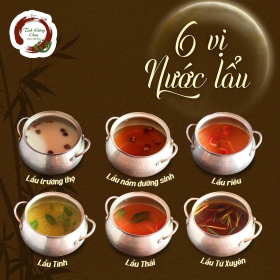 Nhà hàng Tính Không Chay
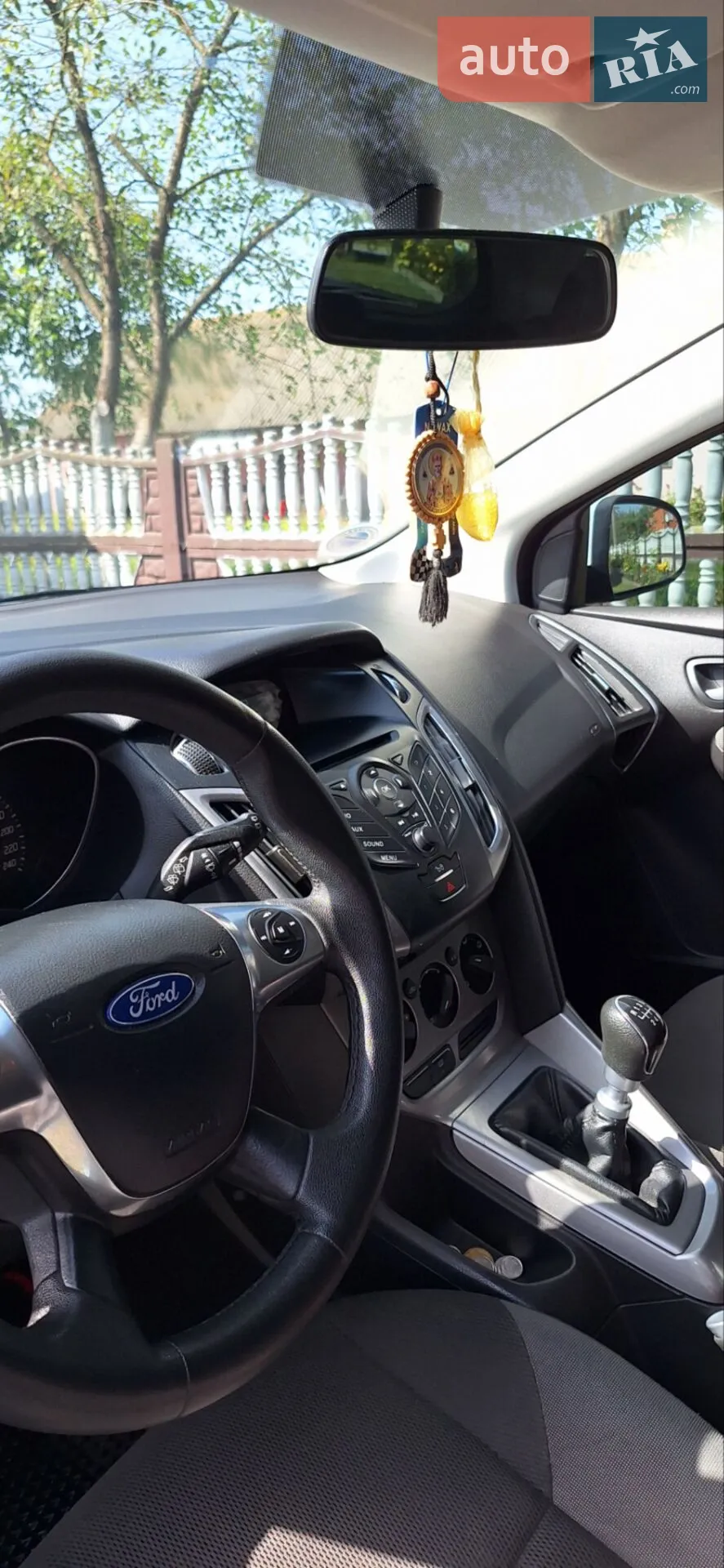 2013 Ford Focus - мініатюра 3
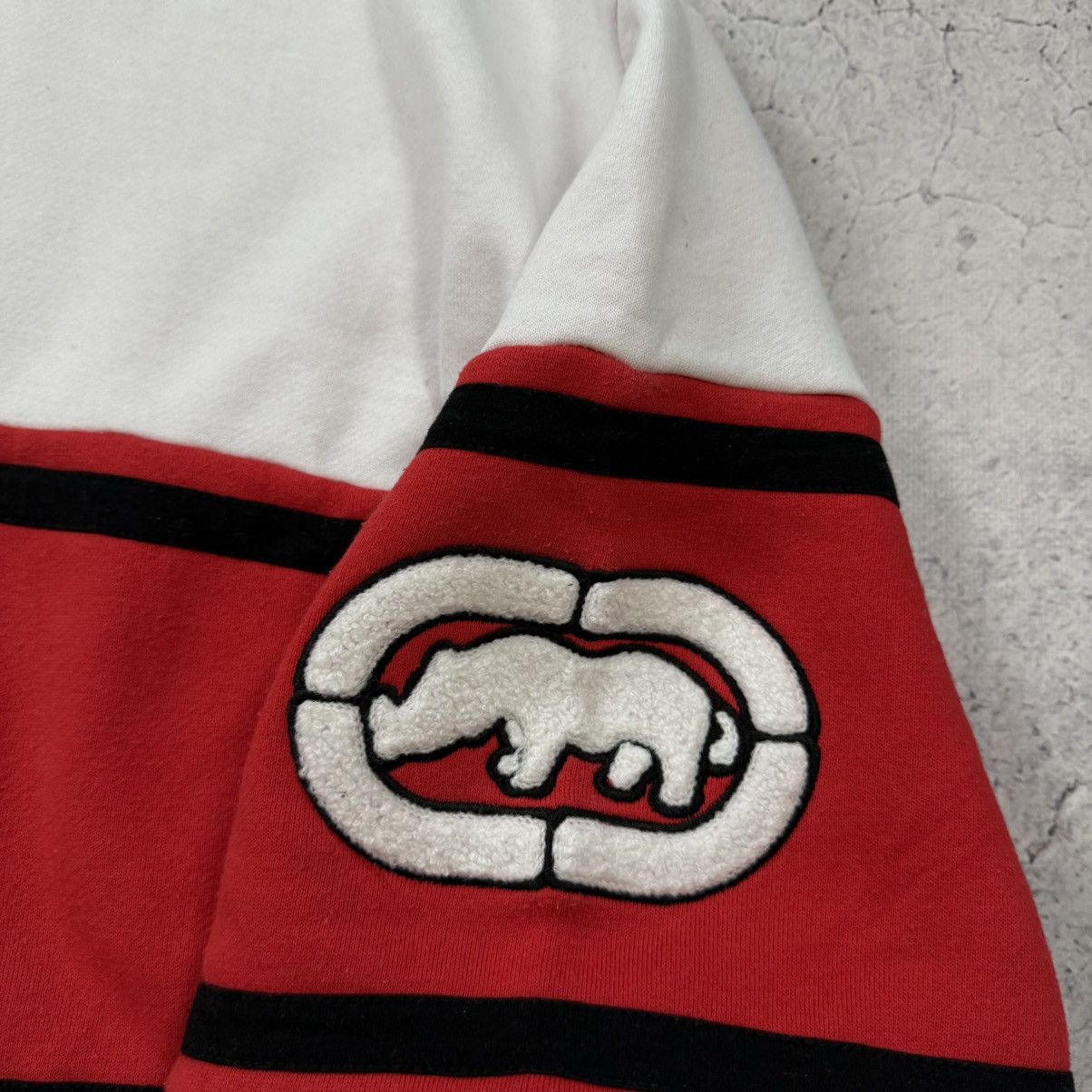 Ecko Unltd. × Marc Ecko Vintage Ecko Unltd Sample Zip Hoodie Embroidered Logo USA Size US L / EU 52-54 / 3 - 6 Thumbnail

**********

Only the lines from the line with "2013 Ford Focus - мініатюра 3" to the bottom of the material above should be reproduced, exactly and without pictures.

 2013 Ford Focus - мініатюра 3
 Ecko Unltd. × Marc Ecko Vintage Ecko Unltd Sample Zip Hoodie Embroidered Logo USA Size US L / EU 52-54 / 3 - 6 Thumbnail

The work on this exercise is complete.